Güncelleme Tarihi:
Eşitliği ve barışı simgeleyen panonun yapısına zarar verilmesini ve bir bölümünün kapatılmasını eleştiren ressam Erbil, "Bu, sanata yapılmış bir saygısızlıktır. Büyük bir hakarettir. Özellikle panonun eşitliği simgeleyen bölümünün kapatılmasına anlam veremiyorum" dedi.
TARİHİ ÖNEMİ BÜYÜK
Kuzey Londra’daki Barış Panosu 1985 yılında çıkan etnik ayaklanmanın anısına yaptırılmıştı. Eylül 1985’te çoğunluğunu Afrikalı zencilerin oluşturduğu ’Broadwater Farm’ bölgesinde büyük bir etnik ayaklanma çıkmış, Türk bir kadının evi polisin gözleri önünde ateşe verilmişti. Siyahlarla beyazların birbirleriyle ve polisle çatıştığı ayaklanmada bir İngiliz polisi de öldürülmüş ve olaydan sorumlu tutulan Kıbrıslı bir Türk hapis cezasına çarptırılmıştı. Kıbrıslı Türk genci, 4 yıl hapis yattıktan sonra suçsuz olduğu anlaşılınca salıverilmişti.
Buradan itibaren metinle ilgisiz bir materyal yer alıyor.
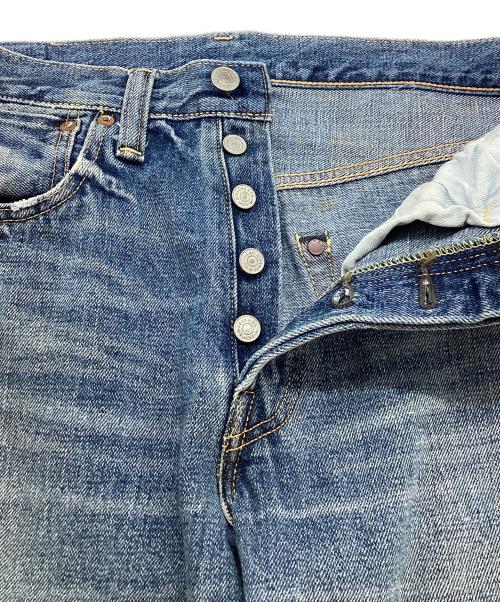 LEVI'S（リーバイス）LEVI'S (リーバイス) ダメージ加工デニムパンツ ブルー サイズ:32の古着・服飾アイテム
Olayların ardından Harringay Belediyesi, British Council’dan sanat bursu kazanarak Londra’ya gelen Türk ressam Gülsün Erbil’le temasa geçerek olayların anısına ’Barış Panosu’nu yaptırmıştı.
EŞİTLİĞİ SİMGELEYEN BÖLÜM KAPATILDI
İngiltere’nin en büyük mozaik panosu olan 100 metrekarelik ’ Barış Panosu’ dünya üzerindeki eşitliği ve barışı simgeliyordu. Panonun üst kısmında yer alan dünya haritası, barışı simgeleyen gökkuşağı ve Sol Anahtarı aracılığıyla alt kısımdaki piyanoya bağlanıyordu. Piyanoda ise bir siyah, bir de beyaz el tarafından ’Joy of the World’ adlı ünlü barış şarkısının notaları çalınıyordu. Ancak Haringay Belediyesi 1999 yılında sanatçı Erbil’in haberi olmadan panonun en anlamlı kısmı olan piyano ve siyah-beyaz ellerin bulunduğu bu alt kısmını bir camekanla kapattı. Ayaklanmanın yaşandığı Broadwater Farm toplu konut merkezindeki Tangmere binasına camekanlı ek bir giriş yapılarak panonun bu bölümü gizlenmiş oldu. Aynı zamanda panonun yan kısmında bulunan ’barış güvercini’ ile ’ kıtaların eşitliğini’ simgeleyen siyah beyaz kadınlar da kapatıldı. Bu bölümdeki kimi mozaik parçaları da tahrip edildi.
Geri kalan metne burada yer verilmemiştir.